(Collected data entries)
★ ★ ★ ★ ★
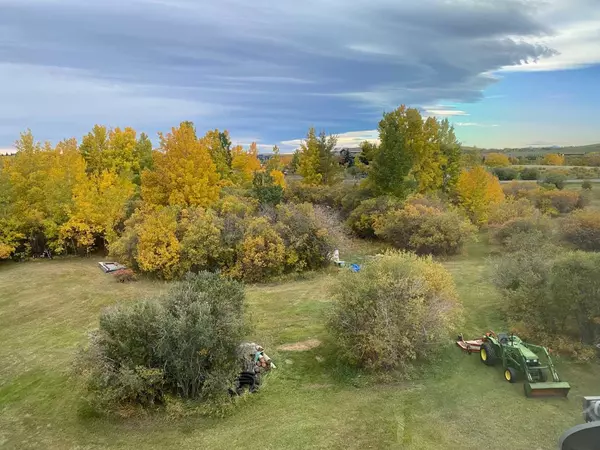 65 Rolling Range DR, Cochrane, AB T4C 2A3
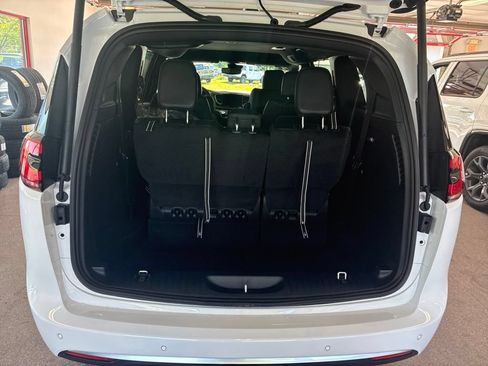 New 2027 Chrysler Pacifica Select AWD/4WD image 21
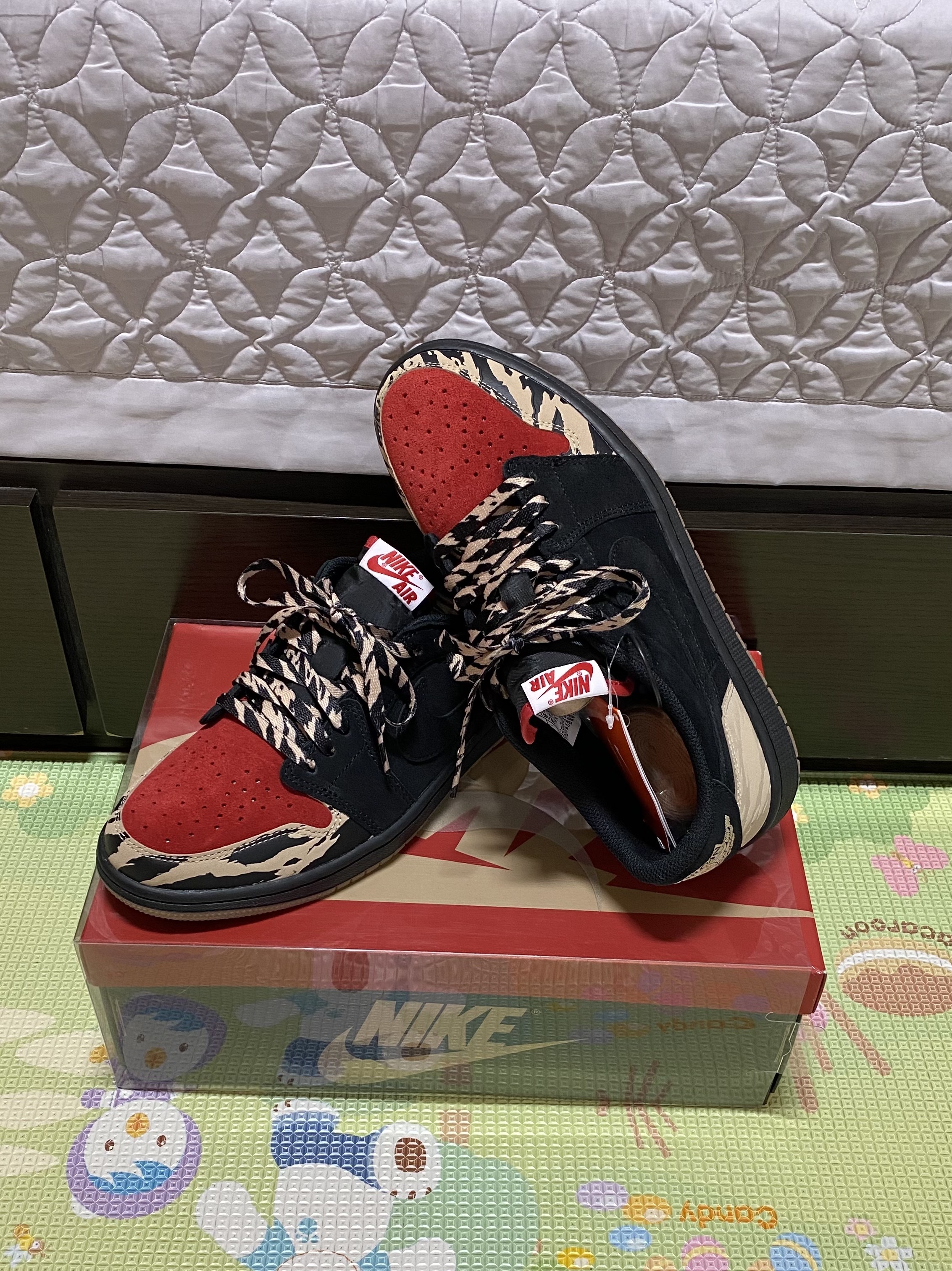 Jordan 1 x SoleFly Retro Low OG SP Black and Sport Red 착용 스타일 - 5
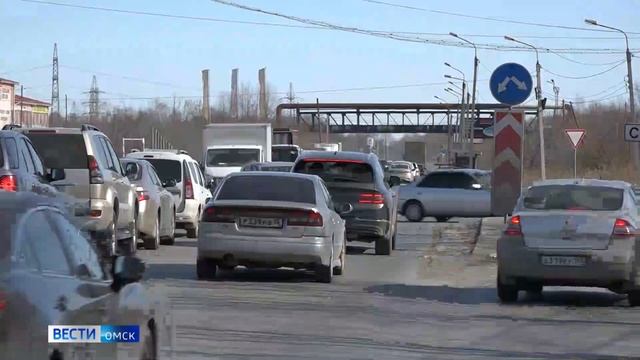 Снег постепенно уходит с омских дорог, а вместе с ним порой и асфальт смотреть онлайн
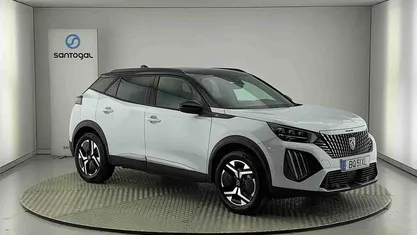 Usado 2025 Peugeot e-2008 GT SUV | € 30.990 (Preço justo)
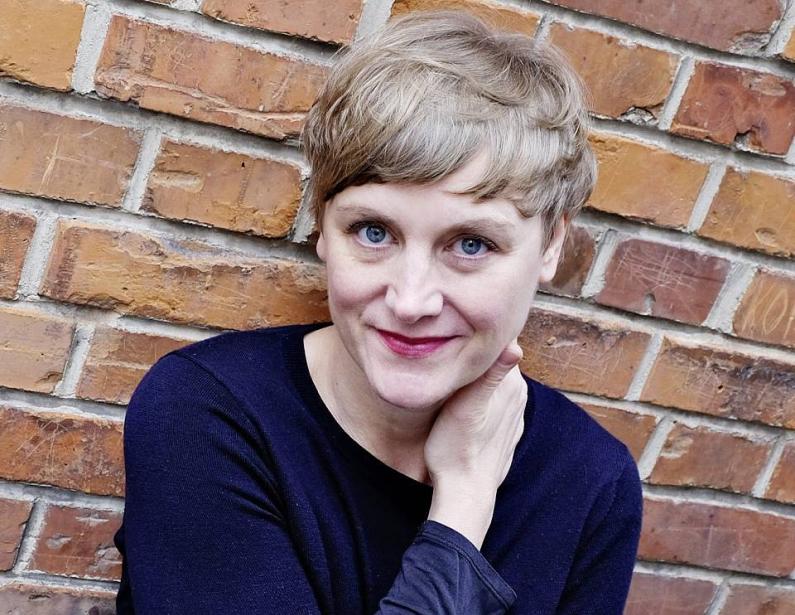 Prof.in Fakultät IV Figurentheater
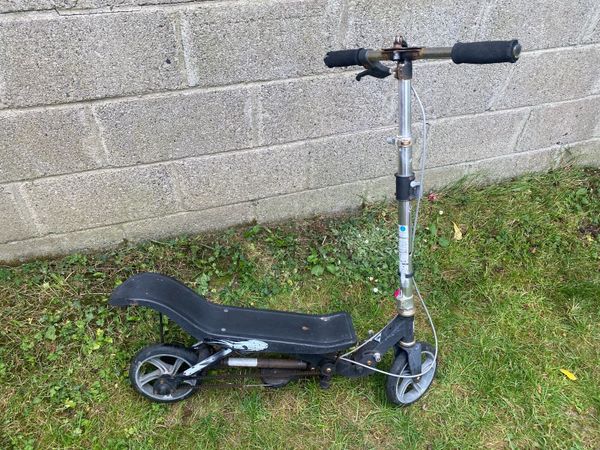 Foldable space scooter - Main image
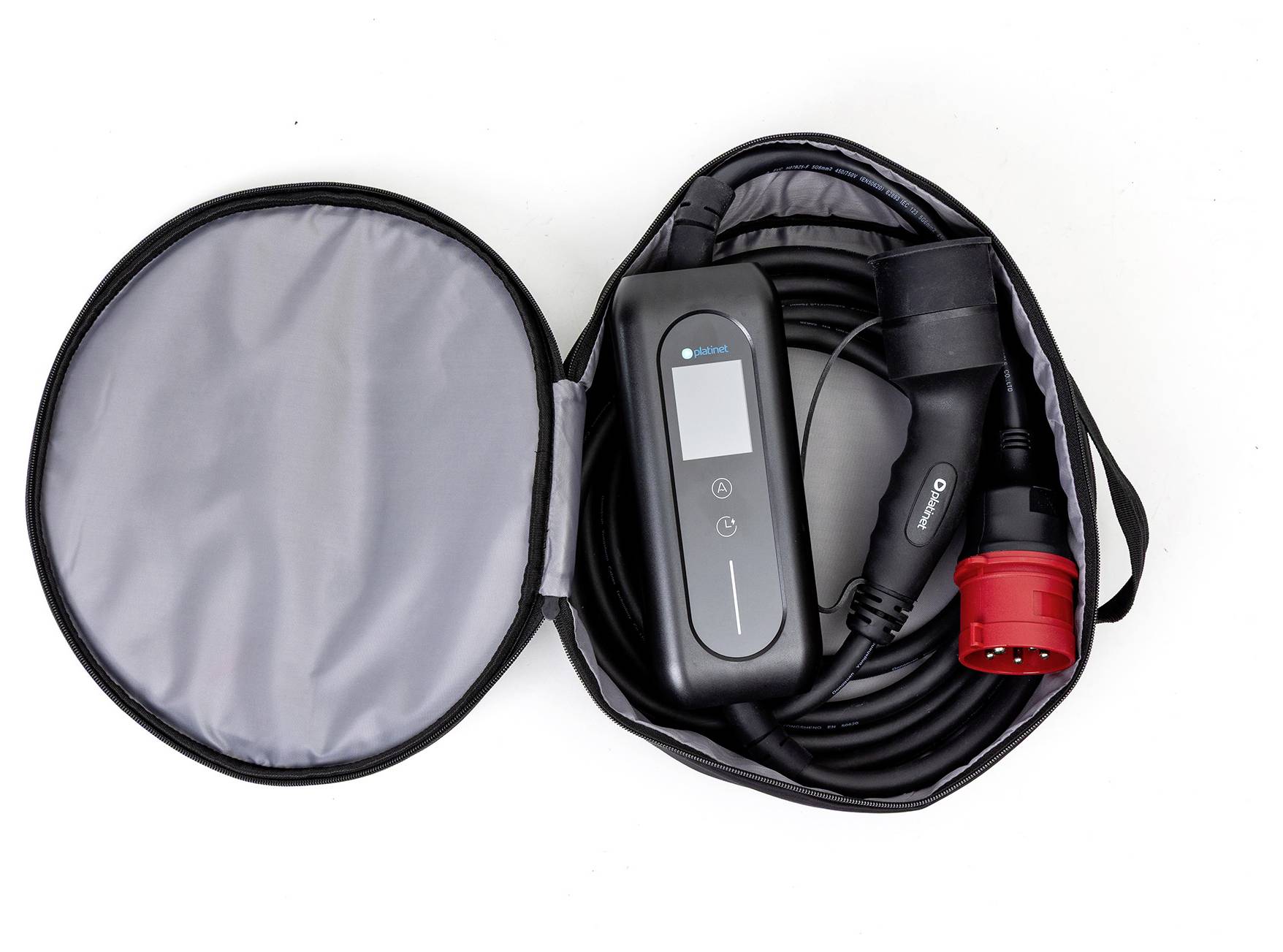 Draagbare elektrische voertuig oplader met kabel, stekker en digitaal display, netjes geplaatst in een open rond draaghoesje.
★ ★ ★ ★ ★
*ACTIVITY:*
Copy every record exactly, but skip the pictures.

*SOLVED PROBLEM:*
 65 Rolling Range DR, Cochrane, AB T4C 2A3
 New 2027 Chrysler Pacifica Select AWD/4WD image 21
 Jordan 1 x SoleFly Retro Low OG SP Black and Sport Red 착용 스타일 - 5
 Снег постепенно уходит с омских дорог, а вместе с ним порой и асфальт смотреть онлайн
 Usado 2025 Peugeot e-2008 GT SUV | € 30.990 (Preço justo)
 Prof.in Fakultät IV Figurentheater
 Foldable space scooter - Main image
 Draagbare elektrische voertuig oplader met kabel, stekker en digitaal display, netjes geplaatst in een open rond draaghoesje.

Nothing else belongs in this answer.